## What is being asked
Would you please transcribe the data in full and exactly, excluding images?

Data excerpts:
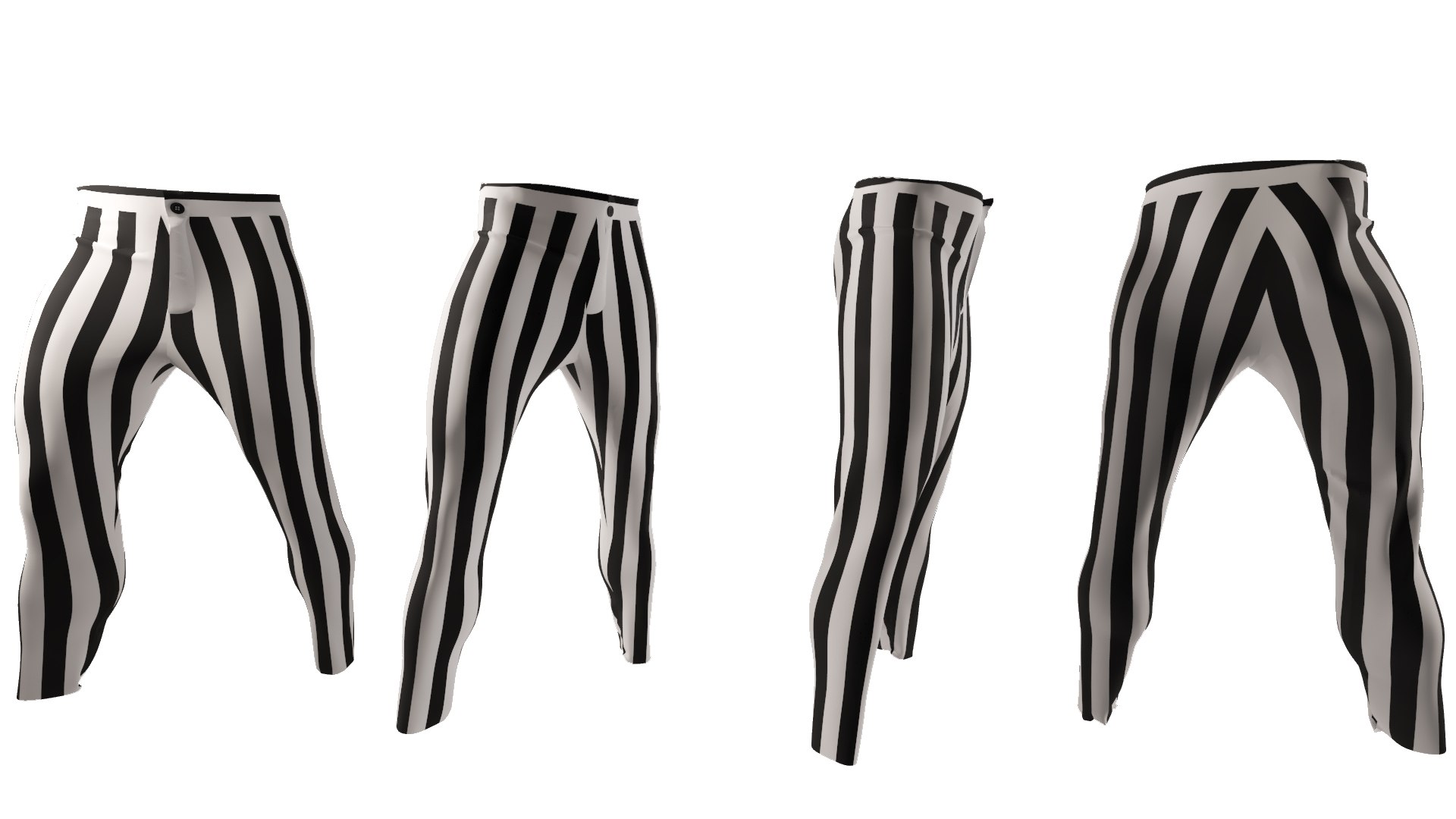 3D Beetlejuice suit model https://p.turbosquid.com/ts-thumb/Ki/MfQ4AO/nU/05/jpg/1727553993/1920x1080/fit_q87/bfd03bb58ccad70102cb62444ed5af7fa67548d4/05.jpg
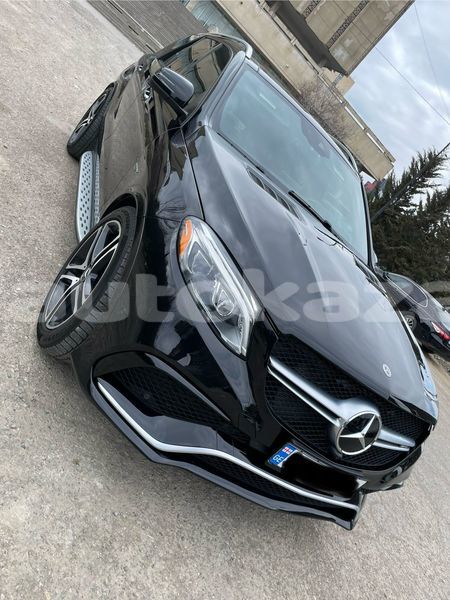Big with watermark mercedes benz amg gle taraz georgiyev 5908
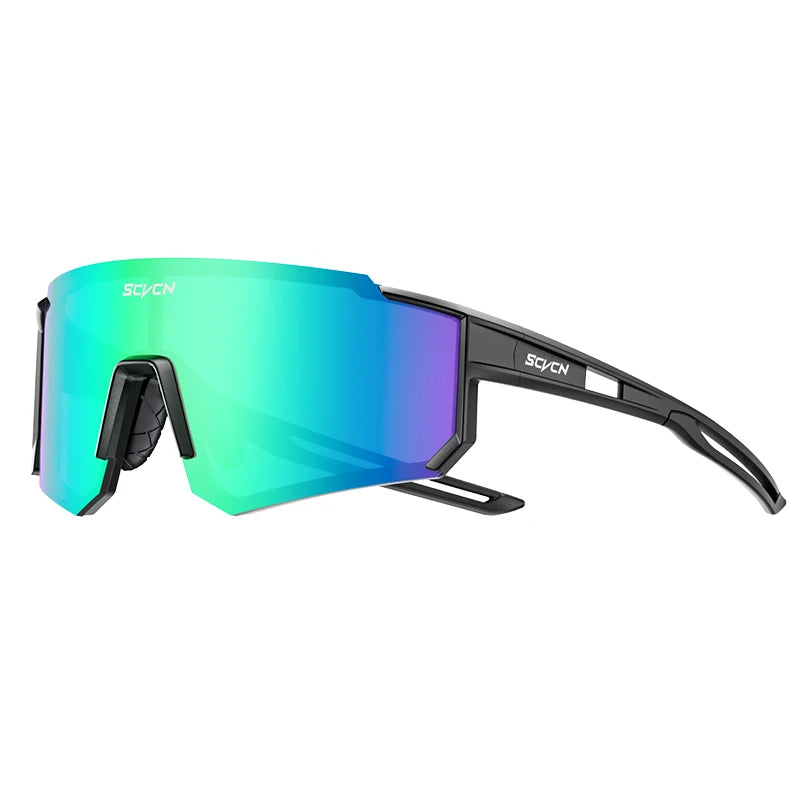 ViperShield™ HyperSport Sunglasses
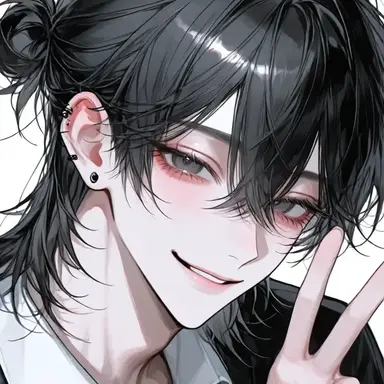 Profile image of Ruka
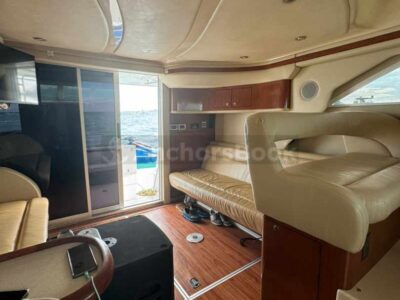 56ft Yacht In Boca Chica - Trips To Saona Island
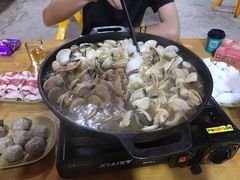 -顺德哥卜卜贝(旗舰店)
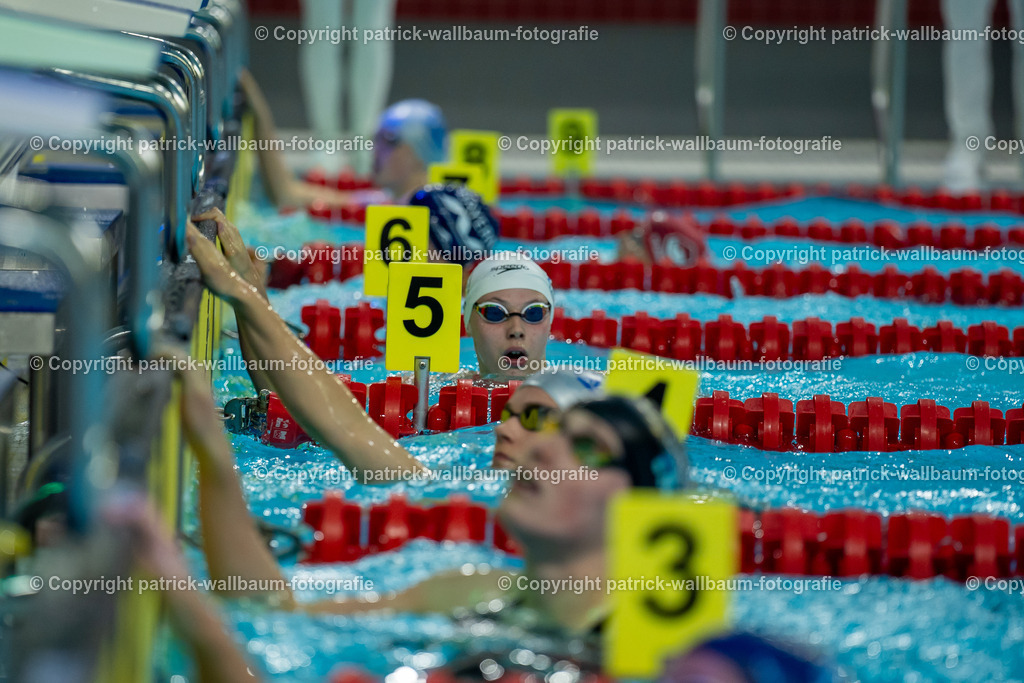 DKM2024Samstag-932 | patrick-wallbaum-fotografie - Realisiert mit Pictrs.com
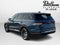 2025 Lincoln Aviator Premiere AWD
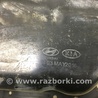 ФОТО Поддон картера для KIA Optima TF Киев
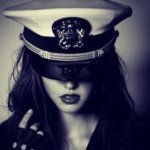 Profile Picture of shannon chaplain (@shannontweedyx) on Instagram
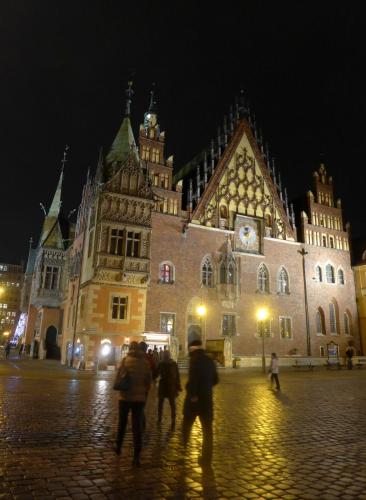 Буфер обмена01.jpg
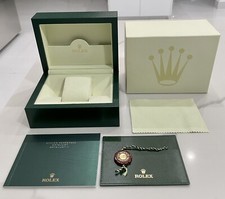 Oem rolex datejust d'occasion  Expédié en Belgium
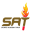 SAT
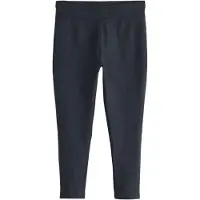 Next Leggings svart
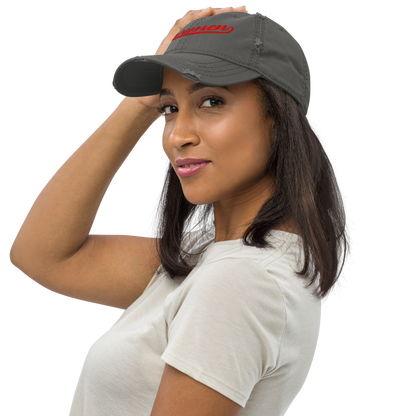 American Fork Cavemen Design 13 — Charcoal Grey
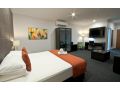 The Abbott Boutique Hotel Hotel, Cairns - thumb 15
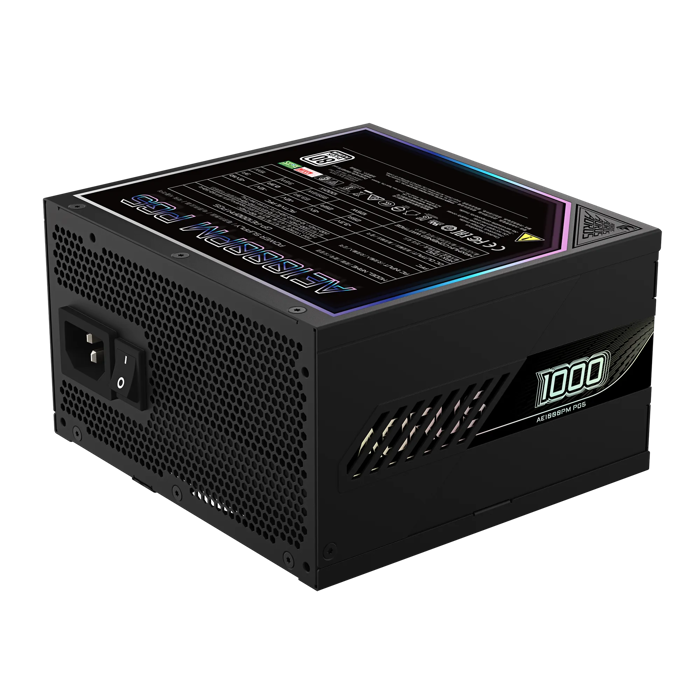 gigabyte-aorus-elite-p1000w-platinum-modular-power-supply-57128-gigoh-ae1000pmpg5.webp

## Exercise output
 3D Beetlejuice suit model https://p.turbosquid.com/ts-thumb/Ki/MfQ4AO/nU/05/jpg/1727553993/1920x1080/fit_q87/bfd03bb58ccad70102cb62444ed5af7fa67548d4/05.jpg
Big with watermark mercedes benz amg gle taraz georgiyev 5908
 ViperShield™ HyperSport Sunglasses
 Profile image of Ruka
 56ft Yacht In Boca Chica - Trips To Saona Island
 -顺德哥卜卜贝(旗舰店)
 DKM2024Samstag-932 | patrick-wallbaum-fotografie - Realisiert mit Pictrs.com
 2025 Lincoln Aviator Premiere AWD
 ФОТО Поддон картера для KIA Optima TF Киев
 Profile Picture of shannon chaplain (@shannontweedyx) on Instagram
 Буфер обмена01.jpg
 Oem rolex datejust d'occasion  Expédié en Belgium
 SAT
 Next Leggings svart
 American Fork Cavemen Design 13 — Charcoal Grey
 The Abbott Boutique Hotel Hotel, Cairns - thumb 15
 gigabyte-aorus-elite-p1000w-platinum-modular-power-supply-57128-gigoh-ae1000pmpg5.webp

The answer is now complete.